> Task requirements
Take the lines from the one with "this 1023×641 image." through the last line of the material below and write them out exactly, without any pictures.

> Exercise data
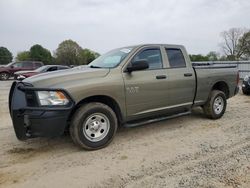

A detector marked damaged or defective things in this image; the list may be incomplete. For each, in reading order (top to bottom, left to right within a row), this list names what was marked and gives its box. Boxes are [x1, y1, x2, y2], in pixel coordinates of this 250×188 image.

damaged front bumper [9, 81, 75, 140]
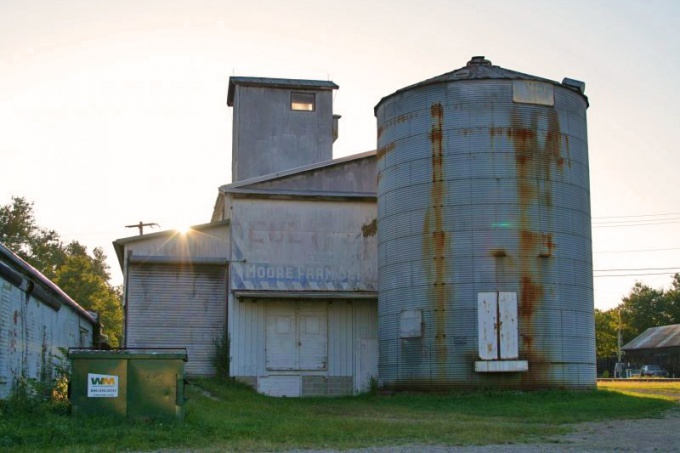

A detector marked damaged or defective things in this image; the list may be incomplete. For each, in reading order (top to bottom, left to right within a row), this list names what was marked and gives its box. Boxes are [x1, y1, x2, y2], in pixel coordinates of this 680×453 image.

rusty metal panel [125, 262, 226, 374]
rusty metal panel [374, 55, 592, 388]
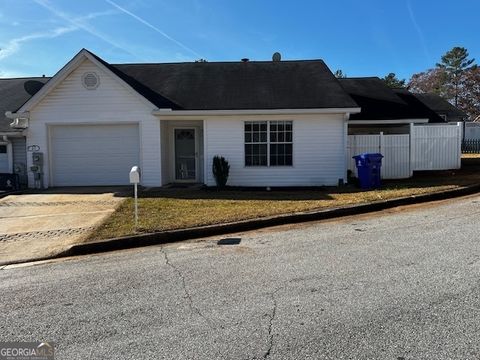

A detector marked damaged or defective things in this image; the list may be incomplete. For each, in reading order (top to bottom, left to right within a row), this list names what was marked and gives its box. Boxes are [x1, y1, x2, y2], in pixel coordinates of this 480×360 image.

road crack [159, 248, 212, 326]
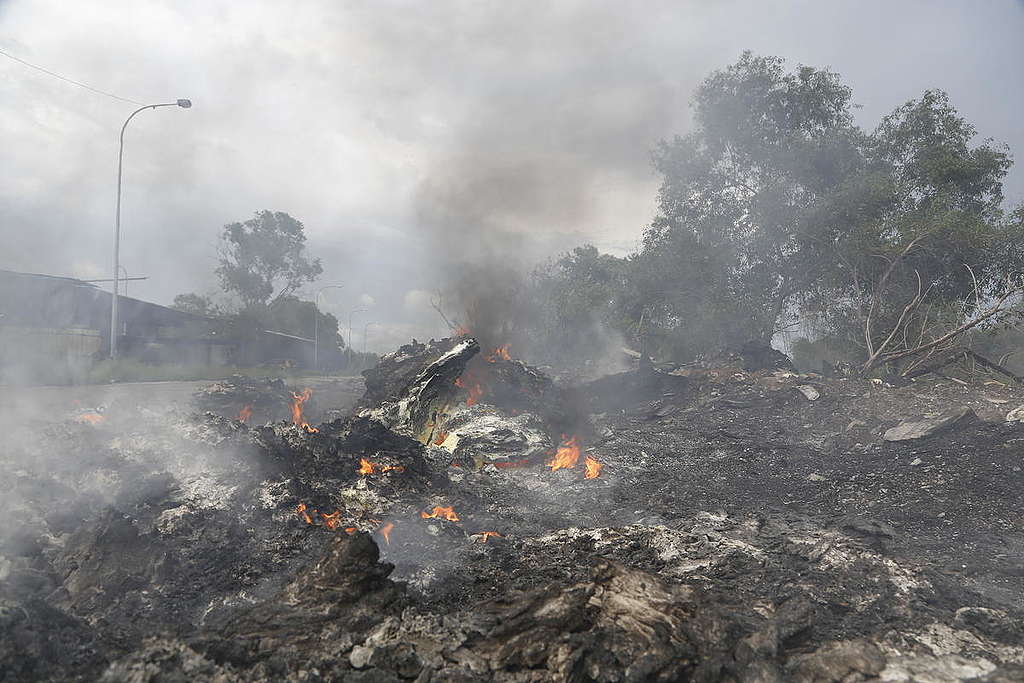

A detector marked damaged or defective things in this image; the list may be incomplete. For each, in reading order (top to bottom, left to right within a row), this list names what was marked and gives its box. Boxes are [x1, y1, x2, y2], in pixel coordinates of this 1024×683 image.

burnt rubble [2, 338, 1024, 683]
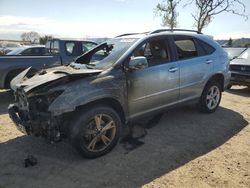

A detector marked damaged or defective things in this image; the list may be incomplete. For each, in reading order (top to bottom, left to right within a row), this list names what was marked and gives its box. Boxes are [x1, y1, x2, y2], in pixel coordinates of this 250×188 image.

crumpled hood [10, 65, 102, 92]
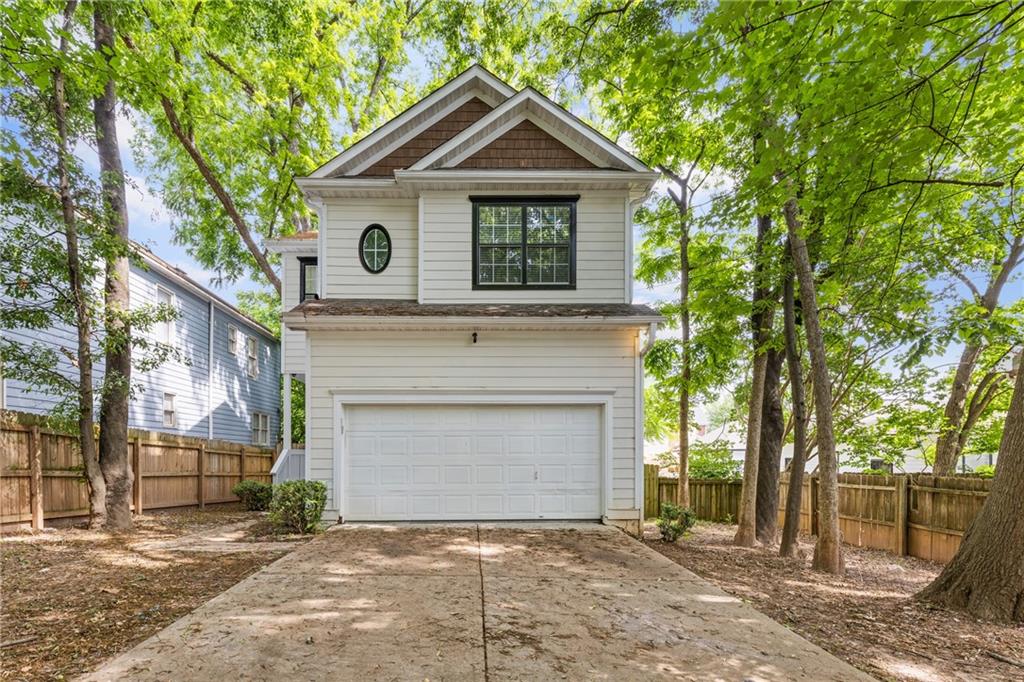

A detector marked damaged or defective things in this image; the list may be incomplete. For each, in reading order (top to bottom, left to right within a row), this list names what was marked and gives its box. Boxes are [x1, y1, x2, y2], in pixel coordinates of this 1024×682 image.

crack in concrete driveway [79, 522, 872, 675]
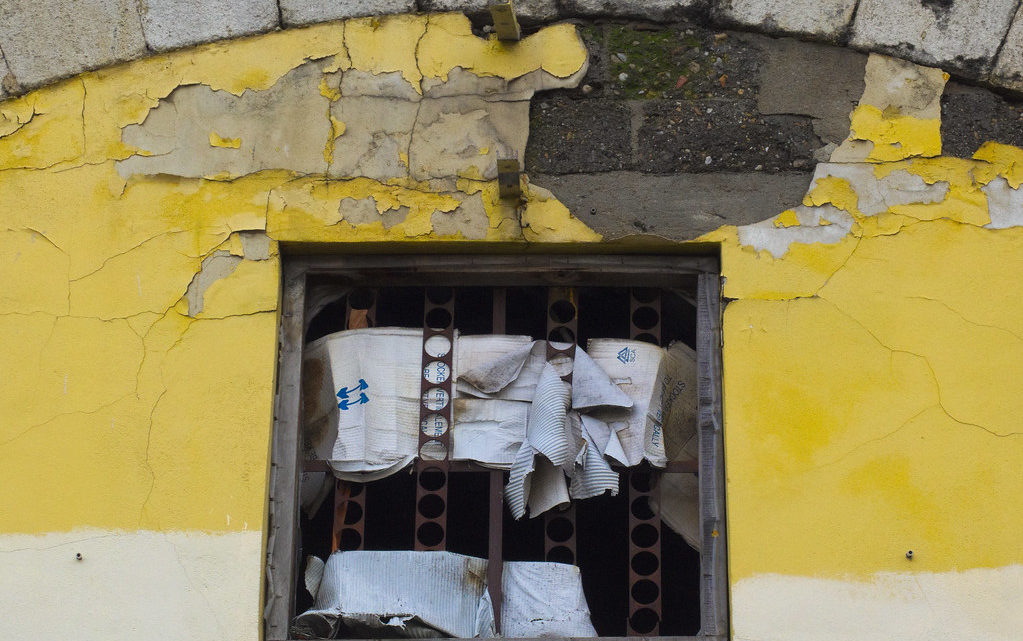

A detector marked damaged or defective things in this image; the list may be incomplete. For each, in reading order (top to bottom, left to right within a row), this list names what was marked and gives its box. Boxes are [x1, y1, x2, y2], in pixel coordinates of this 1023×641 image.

rusty metal bar [413, 286, 454, 552]
rusty metal bar [544, 288, 576, 564]
rusty metal bar [621, 290, 662, 637]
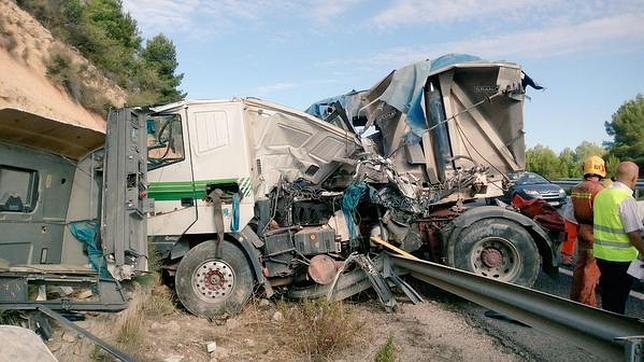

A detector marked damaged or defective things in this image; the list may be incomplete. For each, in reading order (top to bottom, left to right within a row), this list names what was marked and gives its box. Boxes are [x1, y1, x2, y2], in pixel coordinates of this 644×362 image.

broken windshield [147, 114, 185, 170]
damaged vehicle frame [0, 55, 560, 316]
severely damaged truck [1, 53, 560, 316]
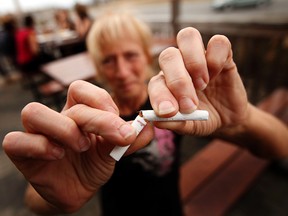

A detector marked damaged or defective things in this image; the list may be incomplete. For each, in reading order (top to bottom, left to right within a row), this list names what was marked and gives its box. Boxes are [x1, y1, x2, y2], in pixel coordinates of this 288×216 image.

broken cigarette [109, 109, 208, 161]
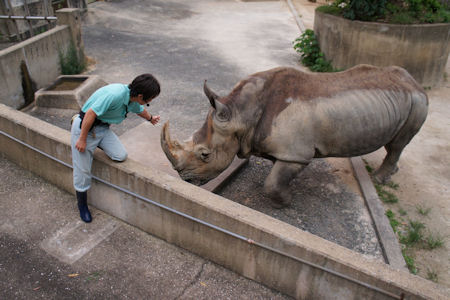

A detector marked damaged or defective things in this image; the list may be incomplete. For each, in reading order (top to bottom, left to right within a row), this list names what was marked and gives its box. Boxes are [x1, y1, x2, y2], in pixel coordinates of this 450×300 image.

crack in concrete [174, 262, 207, 298]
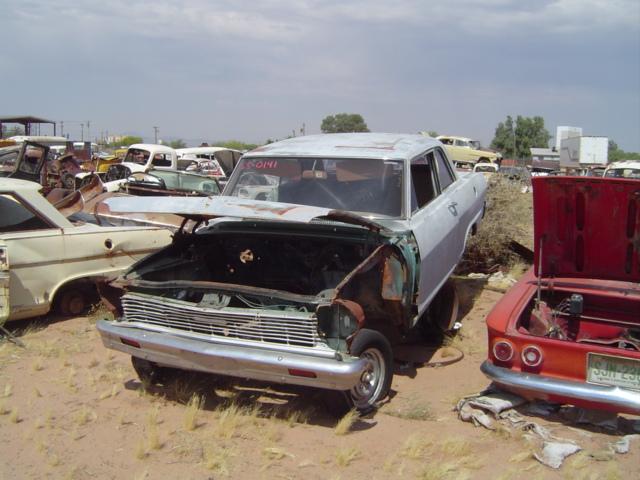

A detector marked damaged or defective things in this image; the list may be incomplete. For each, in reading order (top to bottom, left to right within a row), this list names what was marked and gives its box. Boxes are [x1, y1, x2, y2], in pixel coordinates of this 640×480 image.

rusty car body [0, 178, 172, 324]
rusty car body [94, 133, 484, 410]
rusty car body [482, 175, 636, 412]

> Exercise answer
A detector marked damaged or defective things in this image; the list may be incomplete. For each, in reading order (top to bottom, left to right within a row), this list names what was marked and gives its box. Boxes are [x1, y1, x2, y2], in pixel coordinates of this 1023×641 image.

rusty metal bar [413, 286, 454, 552]
rusty metal bar [544, 288, 576, 564]
rusty metal bar [621, 290, 662, 637]

A detector marked damaged or defective things in this image; the list may be incomplete. For each, in reading order (top to bottom, left to right within a row), this list names what was marked and gives its box. Boxes are [x1, y1, x2, y2], in pixel coordinates of this 644×362 image.

broken windshield [147, 114, 185, 170]
damaged vehicle frame [0, 55, 560, 316]
severely damaged truck [1, 53, 560, 316]

A detector marked damaged or defective things in this image; the list may be incomplete. For each, in reading order (top to bottom, left to right within a row), this list names what was marked and gives its box. Boxes are [x1, y1, x2, y2], in pixel coordinates of this 288×216 image.

broken cigarette [109, 109, 208, 161]

A detector marked damaged or defective things in this image; the list may be incomplete. For each, in reading order (top to bottom, left to right within a row), this list names what was marked and gives its box. Boxes are [x1, y1, x2, y2], in pixel coordinates of this 450×300 image.

crack in concrete [174, 262, 207, 298]

A detector marked damaged or defective things in this image; the list may be incomplete. For each, in reading order (top to bottom, left to right within a row), this list names what was marked and gives its box. Boxes are [x1, y1, x2, y2], in pixel coordinates of this 640×480 image.

rusty car body [0, 178, 172, 324]
rusty car body [94, 133, 484, 410]
rusty car body [482, 175, 636, 412]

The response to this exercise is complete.